== Data for this task
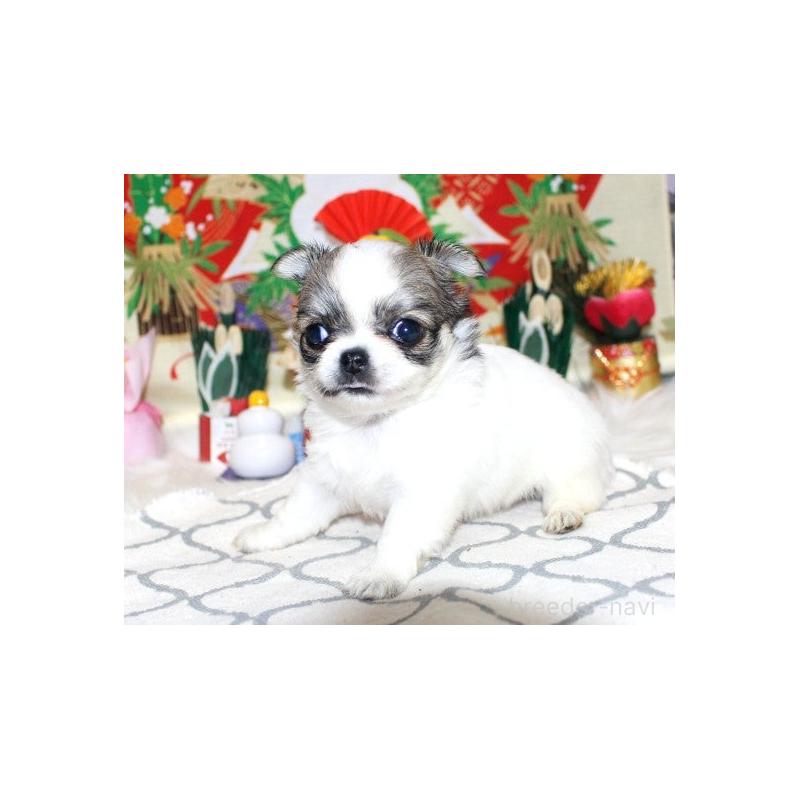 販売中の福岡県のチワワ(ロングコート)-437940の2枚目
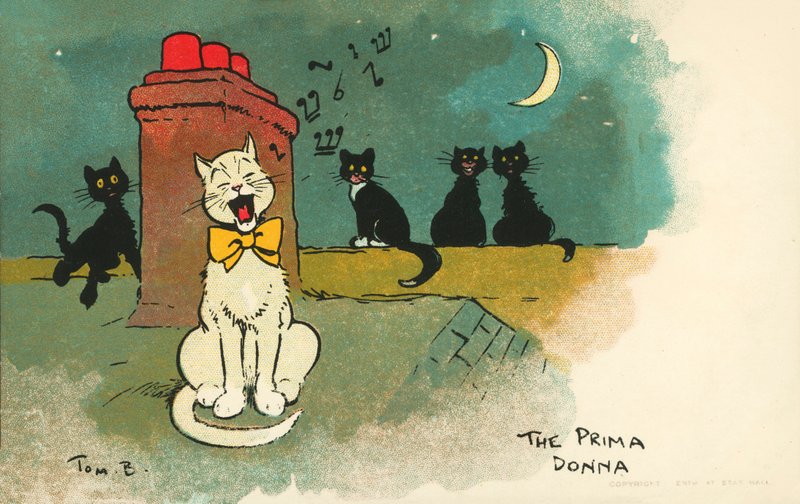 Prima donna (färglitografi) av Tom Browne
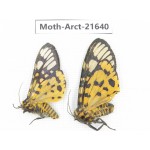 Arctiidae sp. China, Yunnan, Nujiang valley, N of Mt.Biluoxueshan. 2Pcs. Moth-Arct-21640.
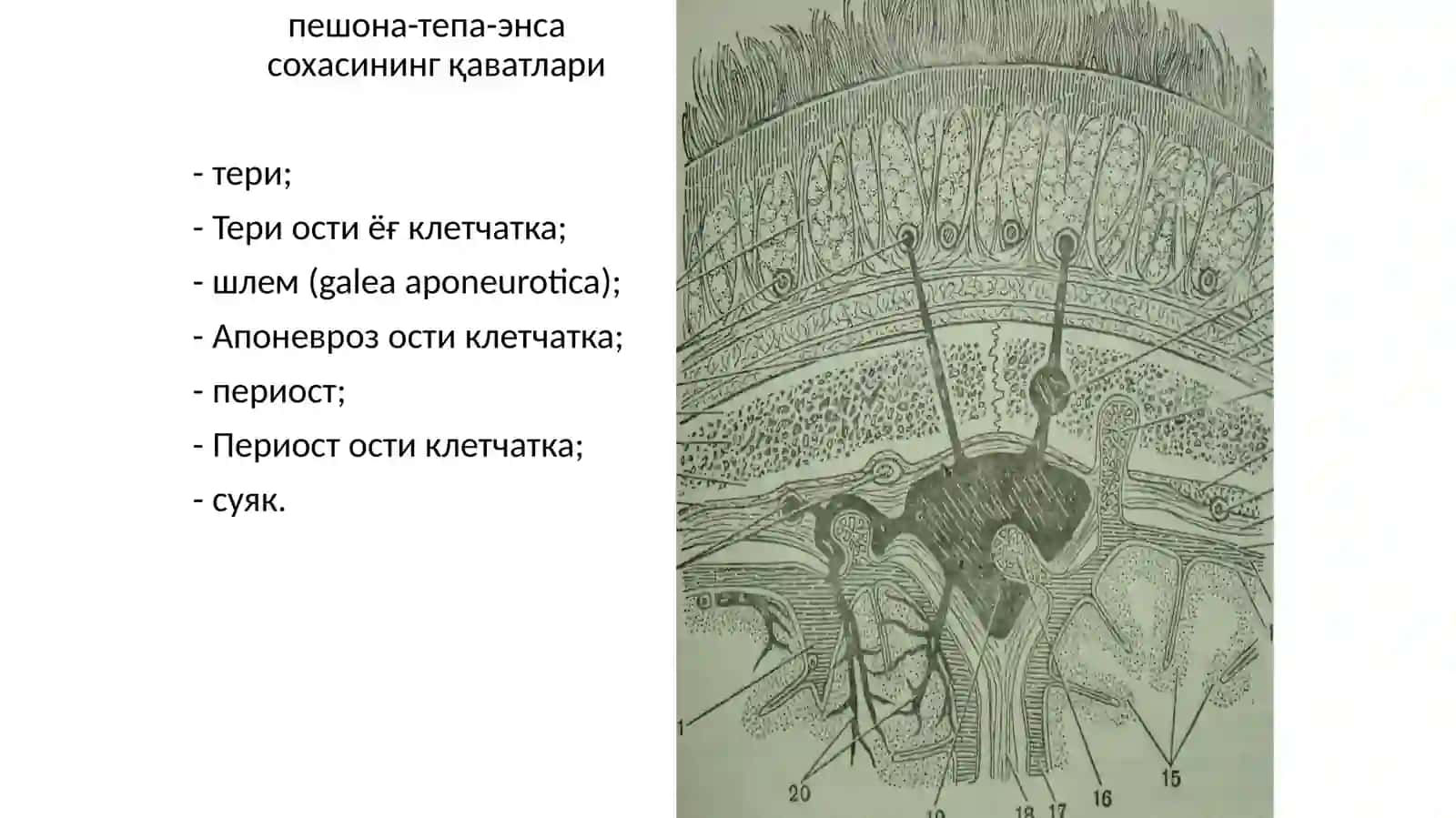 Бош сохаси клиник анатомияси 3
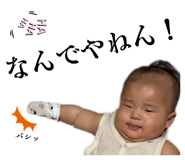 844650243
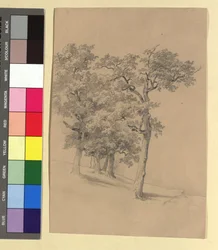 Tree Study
====
Description of the task – Please repeat exactly the lines from the one containing "Arctiidae sp. China, Yunnan, Nujiang" through the end of the entries, both included, omitting pictures.

Output –
 Arctiidae sp. China, Yunnan, Nujiang valley, N of Mt.Biluoxueshan. 2Pcs. Moth-Arct-21640.
 Бош сохаси клиник анатомияси 3
 844650243
 Tree Study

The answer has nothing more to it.